Reinhard Kern, wird die Mobilität beim Österreichischen Umweltzeichen auch berücksichtigt?
Kern: Ein kleiner Teil davon betrifft die Erreichbarkeit mit öffentlichen Verkehrsmitteln bei Veranstaltungen und beispielsweise, ob es Anschlüsse für Elektromobilität gibt. Wir gehen auch darauf ein, indem wir etwa dem Publikum aus Wien bei einer Eröffnung einen Shuttlebus anbieten, sodass nicht alle einzeln mit dem Auto anreisen.
Ein großes Thema in Museen und Ausstellungsinstitutionen ist die Ausstellungsarchitektur, die oft recht aufwändig ist und der Trend Richtung Re-Use geht. Gibt es da in den vergangenen Jahren ein Umdenken, auch innerhalb der Kollegenschaft?

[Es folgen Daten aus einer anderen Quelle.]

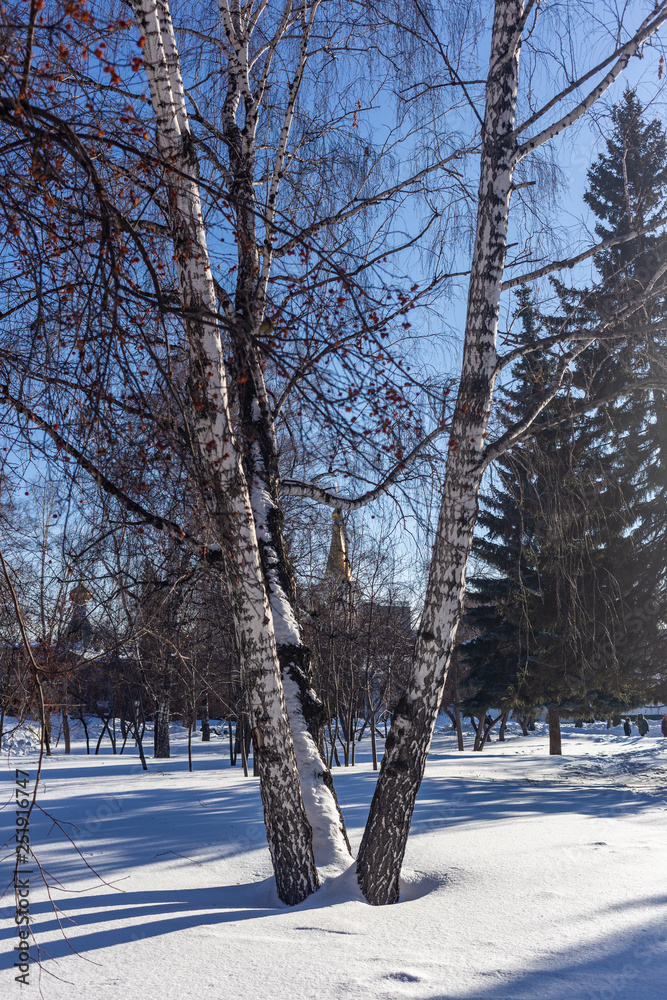 Fototapeta premium Winter landscape with birches in Narymsky Square in Novosibirsk, Russia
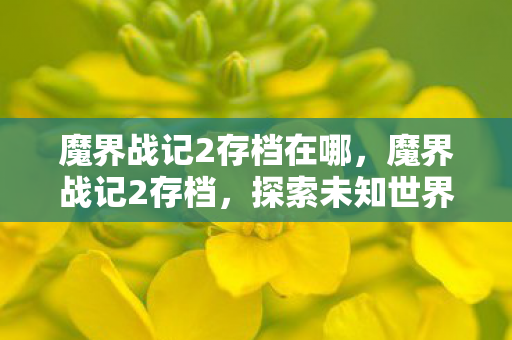 魔界战记2存档在哪，魔界战记2存档，探索未知世界的珍贵记录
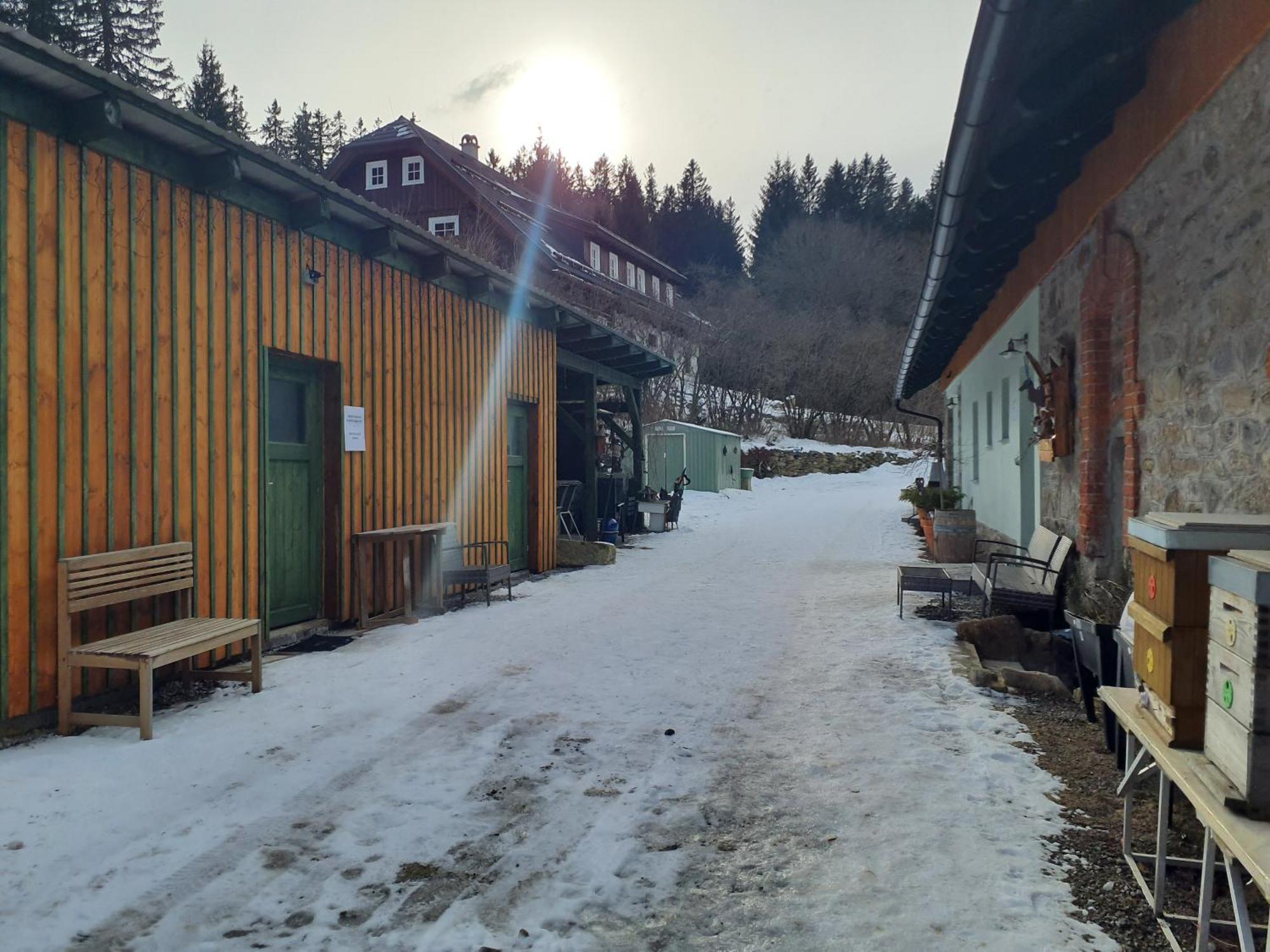 Apartamento Steinhaus / Kamenny Dum Zdíkov Exterior foto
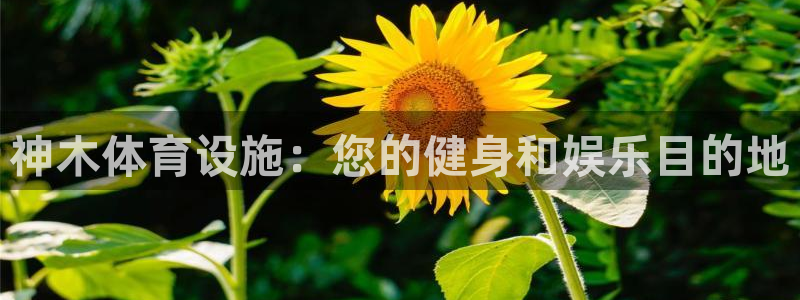意昂体育3招商电话号码查询是多少：神木体育设施：您的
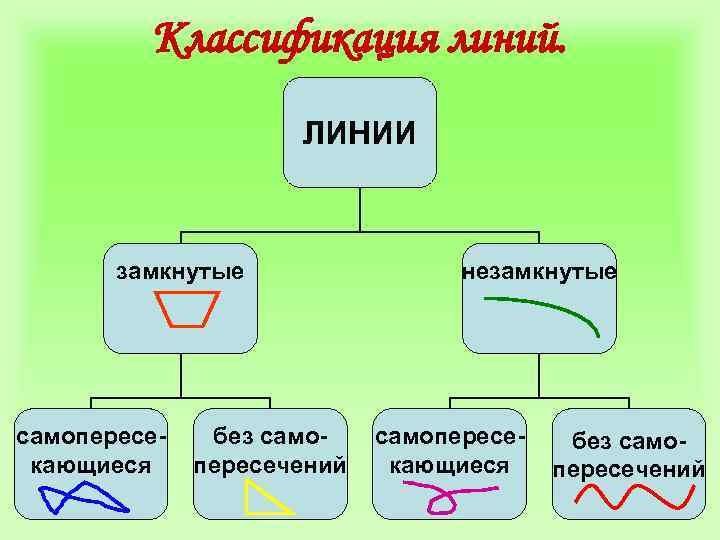 Классификация линий. ЛИНИИ замкнутые самопересекающиеся без самопересечений незамкнутые самопересекающиеся без самопересечений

Kern: Das gibt es, doch man muss eine Balance finden. Für die Landesgalerie fand etwa das Büro hg merz ein modulares System, wo der Kern der Wände aus Staffelkonstruktionen besteht. Auf Kisten kann man kleine Bauteile in den Raum stellen, ohne dass die Wand umkippt. Wenn wir Ausstellungen umbauen, werden die Wände zerlegt und dann neu angeordnet. Wir ändern nur die Beplattung. Das spart Kosten. Die Kuratorinnen und Kuratoren wissen mit dem System umzugehen.
Christian Hanus, wie können bestehende Gebäude umgenutzt werden?
Hanus: Eine Umnutzung ist planerisch immer sehr anspruchsvoll. Welche Nutzung passt zu welchem Gebäude? Da müssen entsprechende Konzepte entwickelt werden, um die Tugenden alter Bauwerke wirtschaftlich, ökologisch und bauphysikalisch am besten zu nutzen. Die Spannweite bewegt sich zwischen einem Künstleratelier, wo man mit wenig Investitionen eine Nutzung einbringen kann und einem Sanatorium: Dort müssen Barrierefreiheit, Hygiene und Flexibilität gewährleistet sein. Man muss austarieren, wo das Gebäude das Optimum hergibt. Mich beeindruckt, wie flexibel alte Gebäude sind. Ein gutes Beispiel ist die Universität für Weiterbildung Krems. Diese war eigentlich eine Tabakfabrik, also eine industrielle Produktion, und ist nun eine Bildungsinstitution. Natürlich waren da große Umbauten nötig. Aber das Gebäude lässt sich optimal nutzen, weil es so flexibel ist.